To do: Output all of the lines below exactly, and leave out each image.

Supplied information:
--- START ---

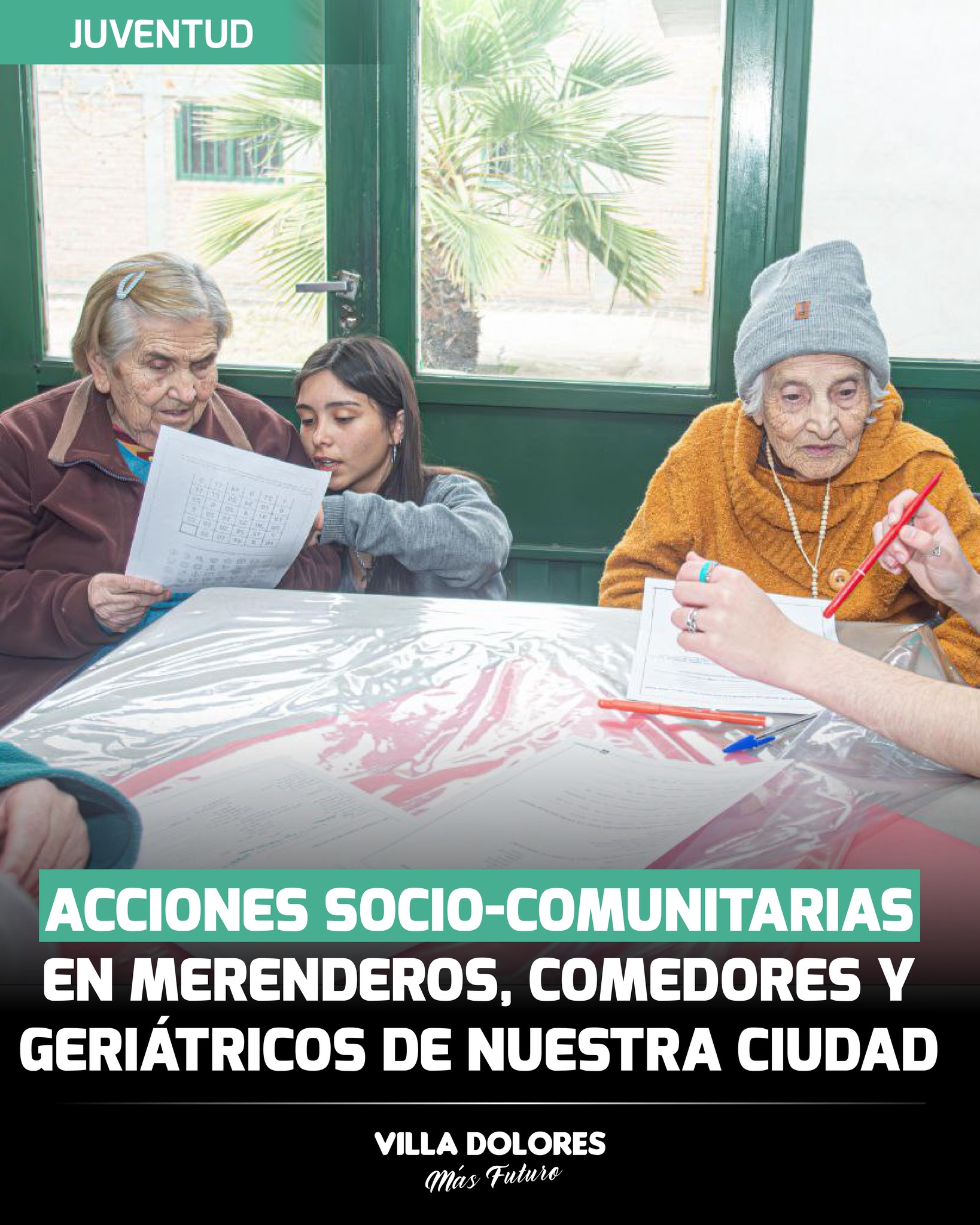 Imagen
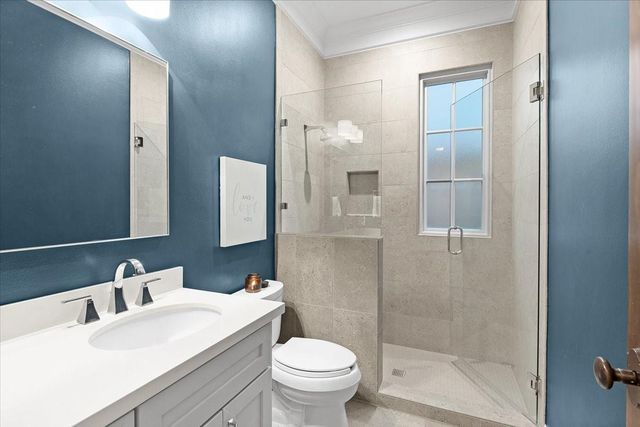 4005 Chatham Lane, Houston, TX 77027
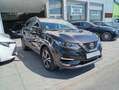 Nissan Qashqai 1.5dCi N-Connecta 4x2 85kW Gris - thumbnail 1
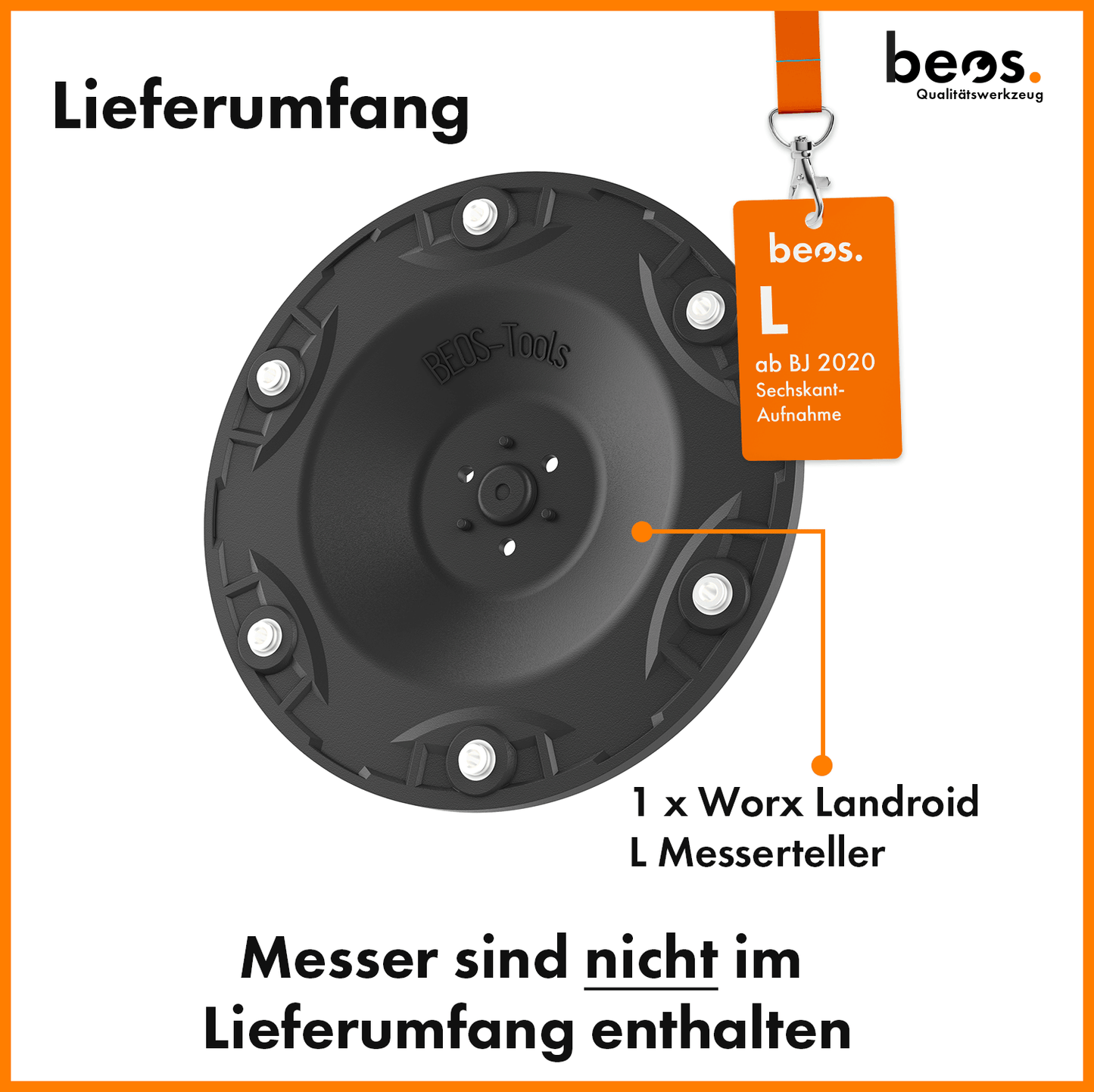 worx landroid messerteller worx messerteller messerscheibe worx landroid worx landroid messerscheibe worx messerscheibe worx landroid klingen landroid messerteller messerscheibe landroid messerscheibe messerteller worx landroid worx klingen worx landroid messer messerteller landroid worx klingen Beos Tools Messerteller landroid messer klingen worx messer landroid worx messerteller worx landroid klingen landroid messer landroid Beos Messerteller worx mähroboter messer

--- END ---

Task output:
 Imagen
 4005 Chatham Lane, Houston, TX 77027
 Nissan Qashqai 1.5dCi N-Connecta 4x2 85kW Gris - thumbnail 1
 worx landroid messerteller worx messerteller messerscheibe worx landroid worx landroid messerscheibe worx messerscheibe worx landroid klingen landroid messerteller messerscheibe landroid messerscheibe messerteller worx landroid worx klingen worx landroid messer messerteller landroid worx klingen Beos Tools Messerteller landroid messer klingen worx messer landroid worx messerteller worx landroid klingen landroid messer landroid Beos Messerteller worx mähroboter messer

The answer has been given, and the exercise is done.